Récit d’un voyage intérieur, Musée Guimet, du 7 septembre au 7 novembre 2011
C’est le scoop de la rentrée : le Musée Guimet expose une œuvre inédite de C.G. Jung, Le Livre Rouge, qui constitue une véritable révélation d’un aspect mal connu de l’existence et de la personnalité de Jung. Oeuvre visionnaire qui retrace des expériences ésotériques, mystiques, voire psychotiques que Jung rédigea entre 1913 et 1930.

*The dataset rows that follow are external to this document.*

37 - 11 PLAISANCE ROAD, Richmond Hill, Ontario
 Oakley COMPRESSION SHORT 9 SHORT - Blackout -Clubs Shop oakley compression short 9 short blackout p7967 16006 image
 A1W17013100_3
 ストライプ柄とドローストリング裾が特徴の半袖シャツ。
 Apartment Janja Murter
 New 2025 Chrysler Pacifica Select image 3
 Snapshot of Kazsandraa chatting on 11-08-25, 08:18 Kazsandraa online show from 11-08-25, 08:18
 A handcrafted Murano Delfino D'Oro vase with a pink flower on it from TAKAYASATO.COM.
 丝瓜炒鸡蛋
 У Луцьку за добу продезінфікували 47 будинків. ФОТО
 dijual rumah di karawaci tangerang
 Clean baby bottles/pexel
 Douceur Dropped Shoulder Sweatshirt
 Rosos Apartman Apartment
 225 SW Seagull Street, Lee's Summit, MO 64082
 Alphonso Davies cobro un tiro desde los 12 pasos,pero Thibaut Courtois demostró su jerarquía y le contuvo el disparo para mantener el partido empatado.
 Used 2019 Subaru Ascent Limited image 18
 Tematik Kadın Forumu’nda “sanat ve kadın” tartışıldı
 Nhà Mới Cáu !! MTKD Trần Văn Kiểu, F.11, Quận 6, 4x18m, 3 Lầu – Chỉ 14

Cette œuvre étonnante est constituée de textes et d’images, que Jung a pris soin de calligraphier et de dessiner sur des papiers parcheminés, pendant seize ans, avec le plus grand soin, puis de relier dans une couverture en cuir rouge foncé impressionnante, d’un poids de 7 kilos, qui lui donne une allure de grimoire alchimique, ou encore une production d’art brut. L’ouvrage n’a été publié qu’en 2009, cinquante ans après la mort de Jung, cinquante ans pendant lesquels le manuscrit était caché, connu de très peu de monde, gardé dans les coffres d’une banque zurichoise. C’est l’histoire d’un homme qui a perdu son âme et la recherche en décrivant son voyage intérieur, animé de voix, hallucinations, vacillements de l’identité.
Le Musée Guimet est le lieu approprié pour découvrir cet objet étrange (qui vient d’être traduit en français), parce que Jung a été largement inspiré par l’art et la pensée asiatiques, en particulier le bouddhisme.
Le Musée Guimet possède une magnifique collection de mandalas qui sont accrochés à côté des pages du Livre Rouge et constituent un des points forts de l’exposition. Jung avait découvert ces mandalas de Guimet, lors de son voyage à Paris en 1902-1903, auprès de Janet, et en avait dit l’importance. Dès 1916, il les utilise comme des « expressions de soi », lui permettant de représenter et développer sa cosmologie personnelle et la théorie des archétypes universels, qui est un des fondements de sa pensée. Ce qui nous intéresse, c’est que Jung s’est lancé dans cette démarche immédiatement après la rupture avec Freud. Comme une manière de réagir au traumatisme de la rupture avec le maître, autrement que Rank qui est parti, que Tausk qui s’est suicidé, que Ferenczi qui en est mort de maladie… Il a évoqué longtemps après, en 1954, cet épisode comme primordiale et constitutive de toute sa pensée à venir : « ce flot qui me submergeait et menaçait de me briser. Il y avait là une matière première à traiter pour laquelle l’espace d’une seule vie ne peut suffire. où ce qui est venu ensuite n’en a plus été que la mise en ordre extérieure, l’élaboration scientifique et l’intégration à la vie. Mais le germe lumineux qui renfermait déjà tout, l’origine, c’était en ce temps. »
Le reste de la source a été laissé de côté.